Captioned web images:
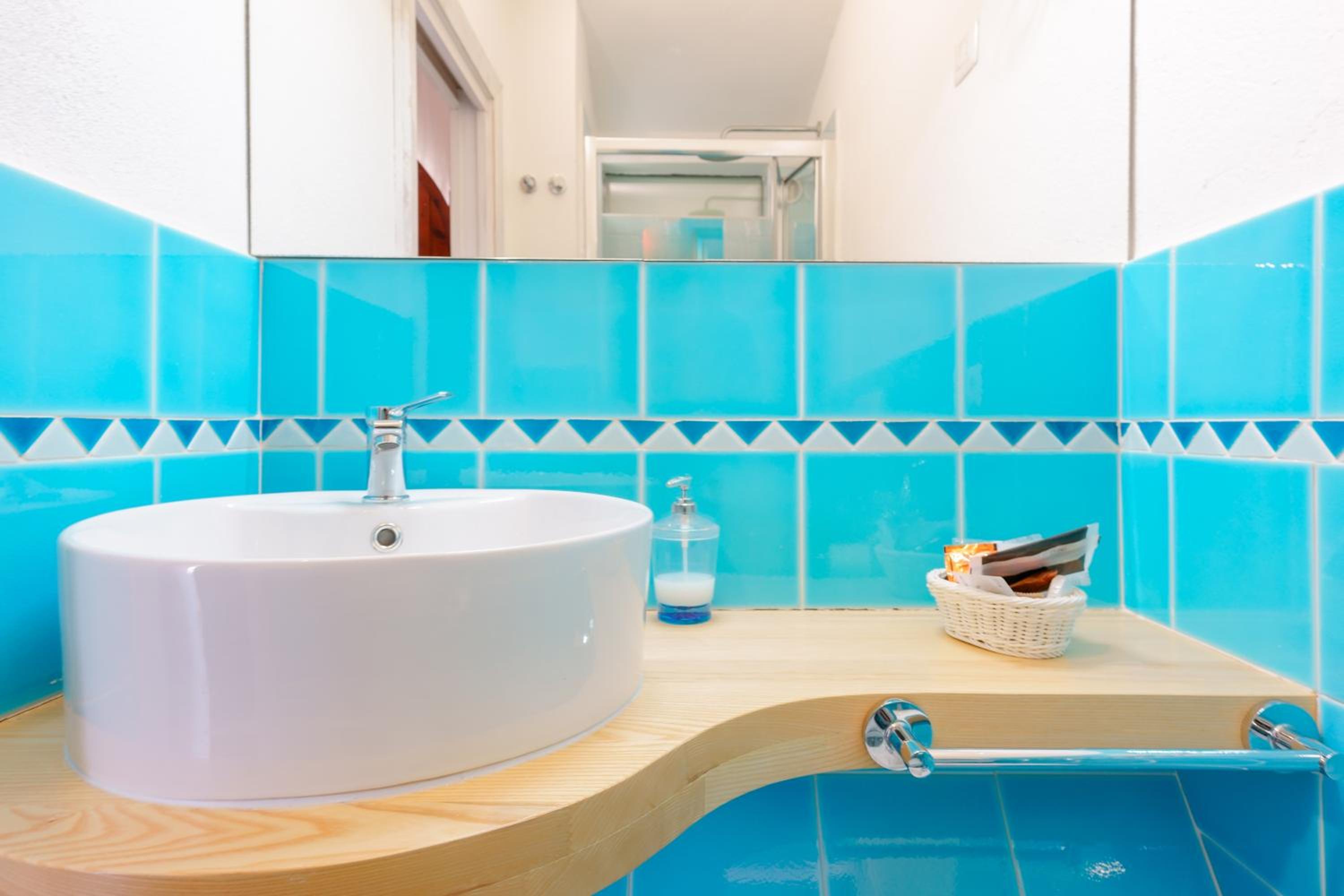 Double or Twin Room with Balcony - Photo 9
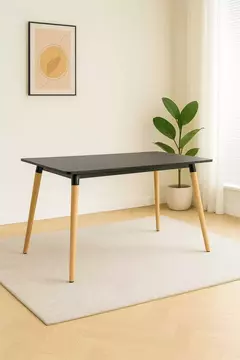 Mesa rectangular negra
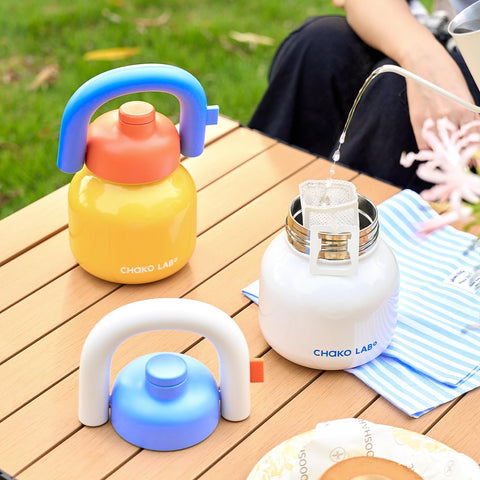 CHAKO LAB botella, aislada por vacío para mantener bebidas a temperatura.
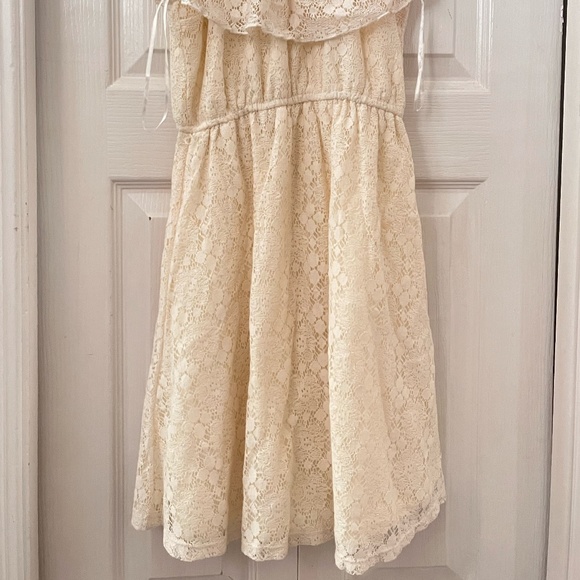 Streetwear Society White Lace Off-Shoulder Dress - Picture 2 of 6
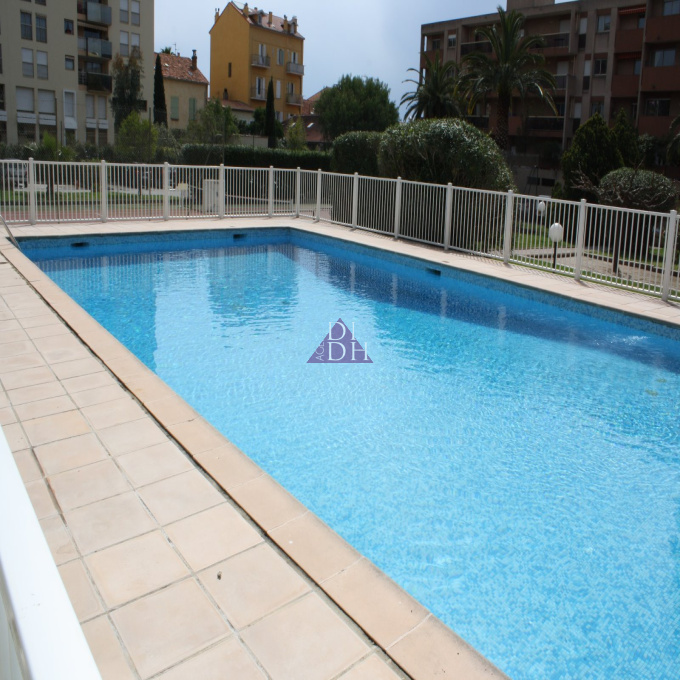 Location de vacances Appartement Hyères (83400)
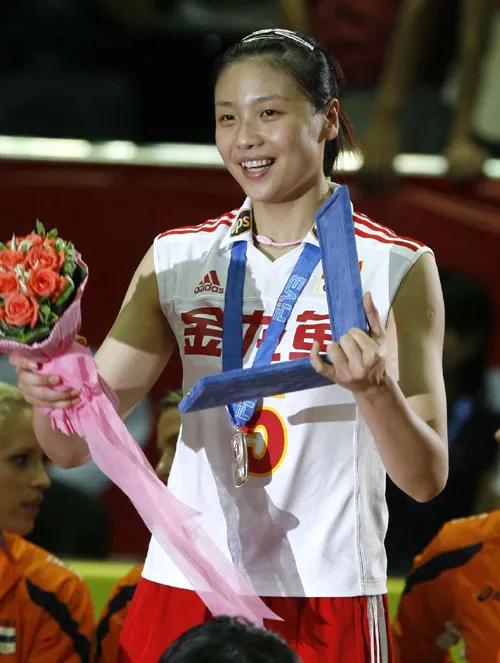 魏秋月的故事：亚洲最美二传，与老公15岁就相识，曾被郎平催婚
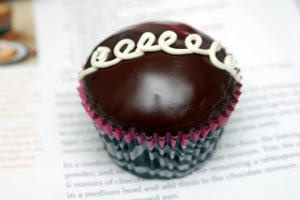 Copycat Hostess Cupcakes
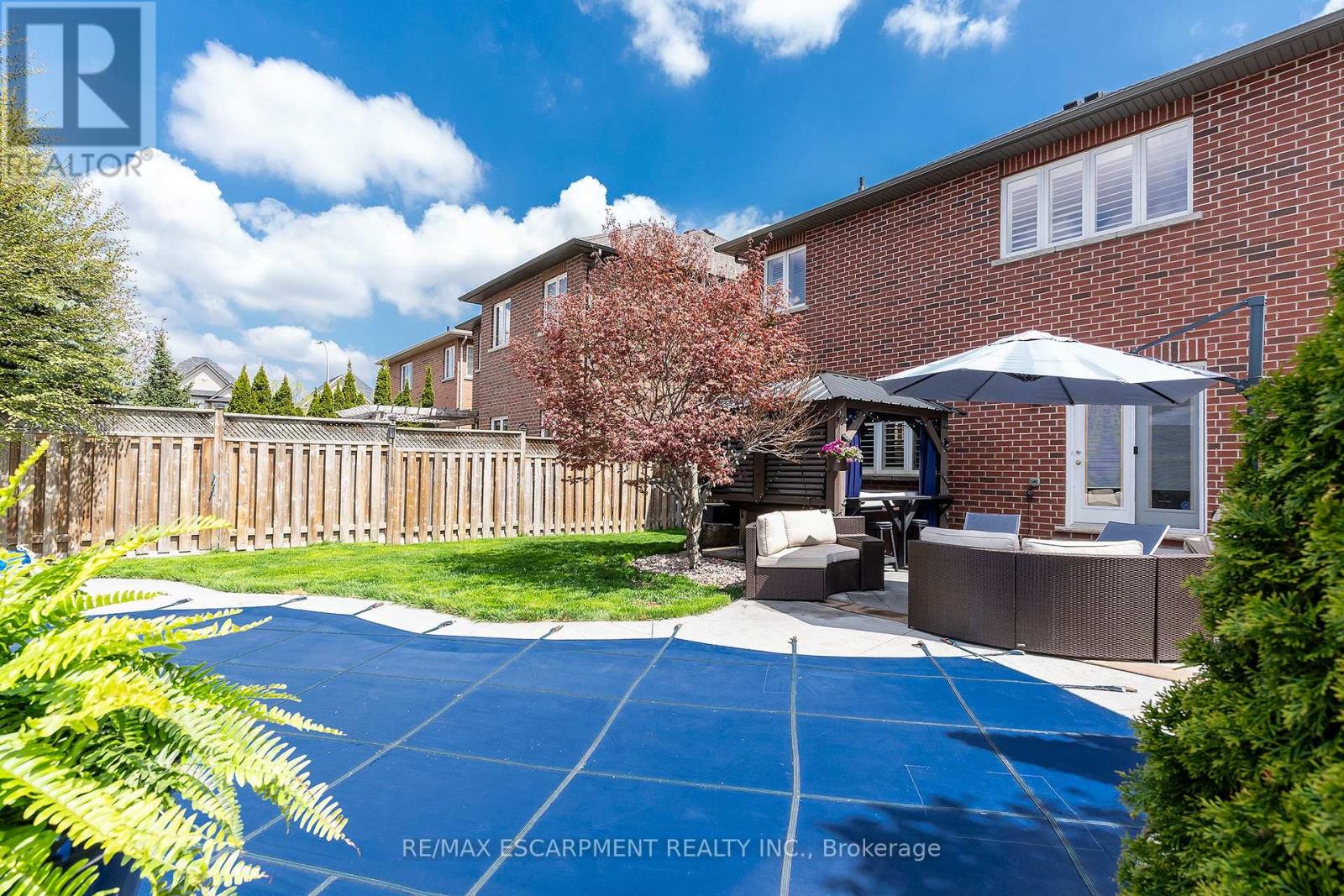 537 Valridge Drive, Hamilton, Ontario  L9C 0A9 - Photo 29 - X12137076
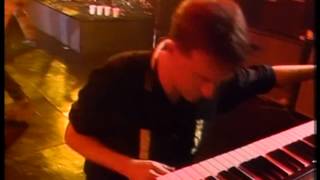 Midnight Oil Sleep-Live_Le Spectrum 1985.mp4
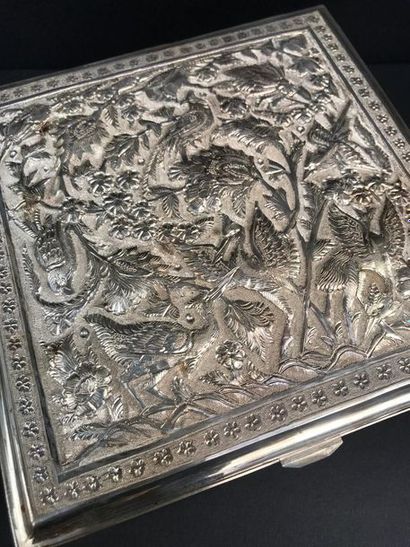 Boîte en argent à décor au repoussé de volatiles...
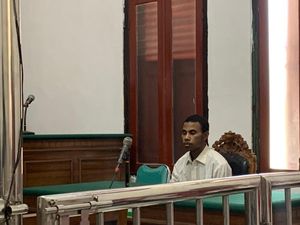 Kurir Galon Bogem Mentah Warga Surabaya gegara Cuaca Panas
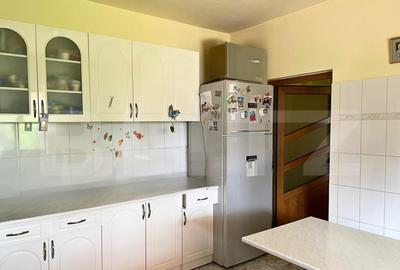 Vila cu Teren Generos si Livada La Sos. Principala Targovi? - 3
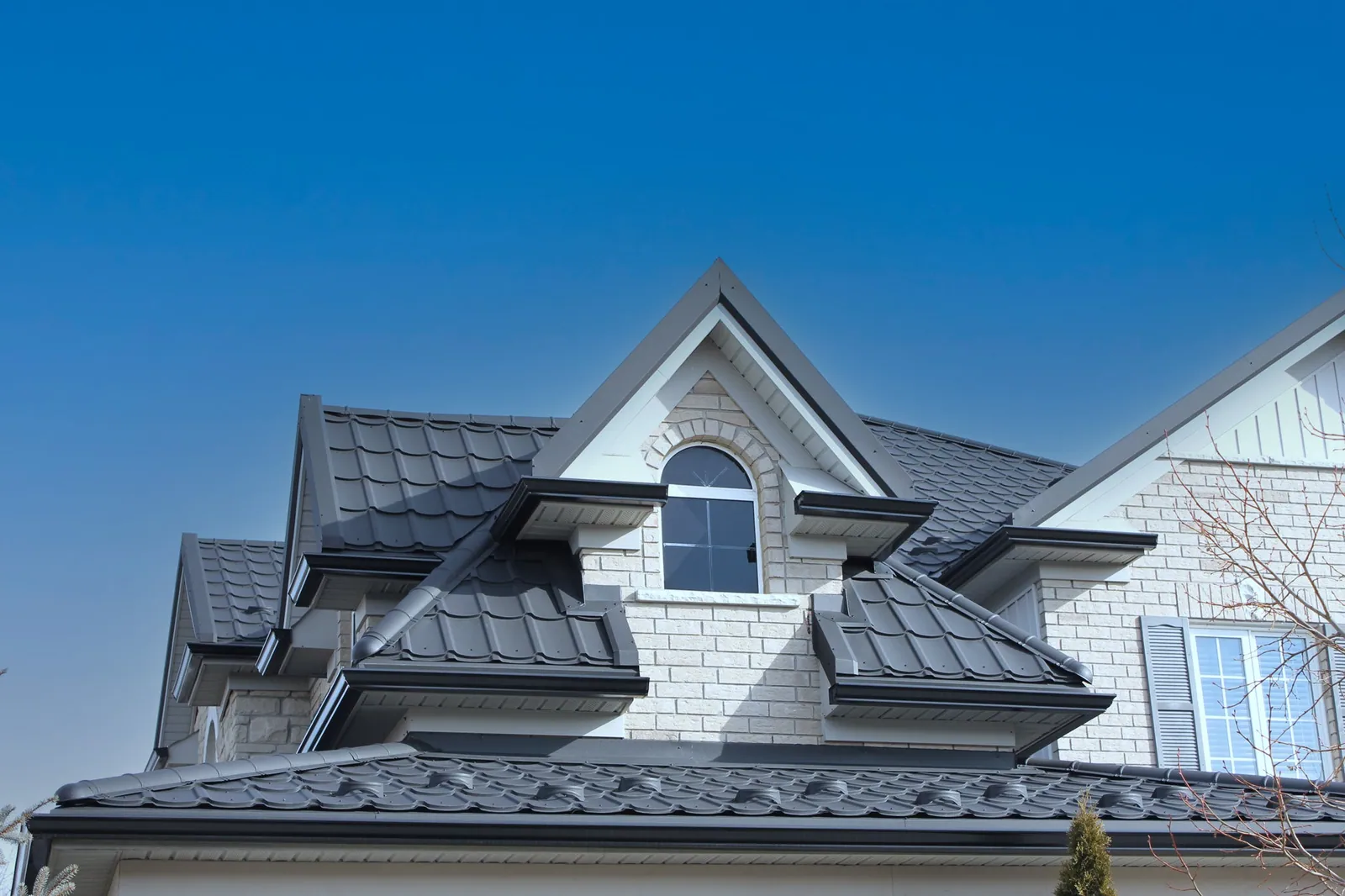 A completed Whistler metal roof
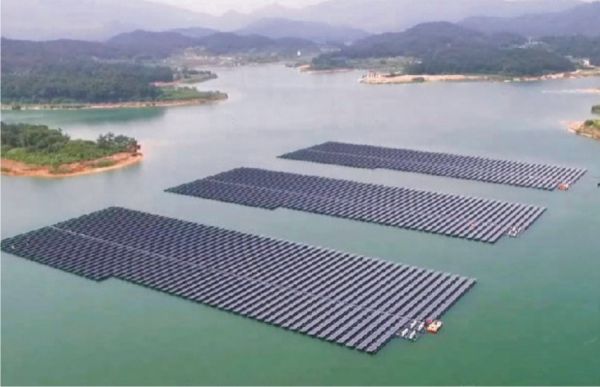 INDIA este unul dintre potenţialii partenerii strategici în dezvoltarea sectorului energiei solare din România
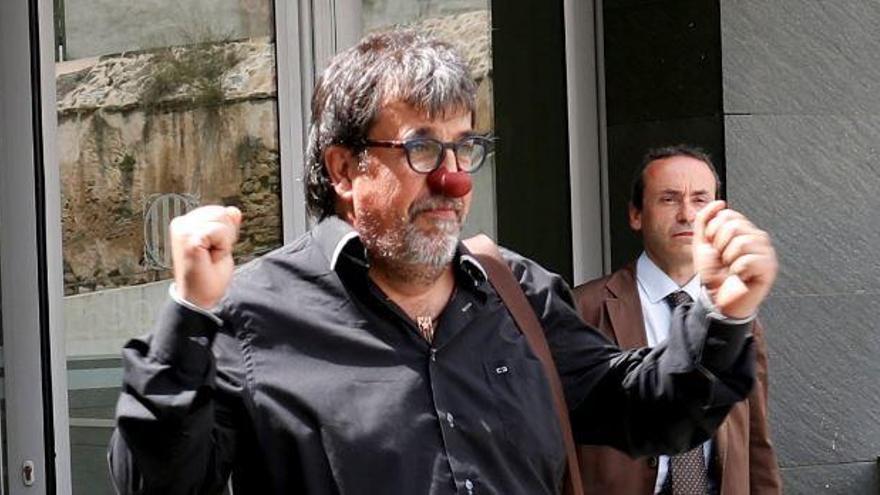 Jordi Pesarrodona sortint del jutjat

:: Exercise requirements ::
Where the line containing "Mesa rectangular negra" appears above, start there and set down each line exactly through the last line of the data; leave out every picture.

:: Written answer ::
 Mesa rectangular negra
 CHAKO LAB botella, aislada por vacío para mantener bebidas a temperatura.
 Streetwear Society White Lace Off-Shoulder Dress - Picture 2 of 6
 Location de vacances Appartement Hyères (83400)
 魏秋月的故事：亚洲最美二传，与老公15岁就相识，曾被郎平催婚
 Copycat Hostess Cupcakes
 537 Valridge Drive, Hamilton, Ontario  L9C 0A9 - Photo 29 - X12137076
 Midnight Oil Sleep-Live_Le Spectrum 1985.mp4
 Boîte en argent à décor au repoussé de volatiles...
 Kurir Galon Bogem Mentah Warga Surabaya gegara Cuaca Panas
 Vila cu Teren Generos si Livada La Sos. Principala Targovi? - 3
 A completed Whistler metal roof
 INDIA este unul dintre potenţialii partenerii strategici în dezvoltarea sectorului energiei solare din România
 Jordi Pesarrodona sortint del jutjat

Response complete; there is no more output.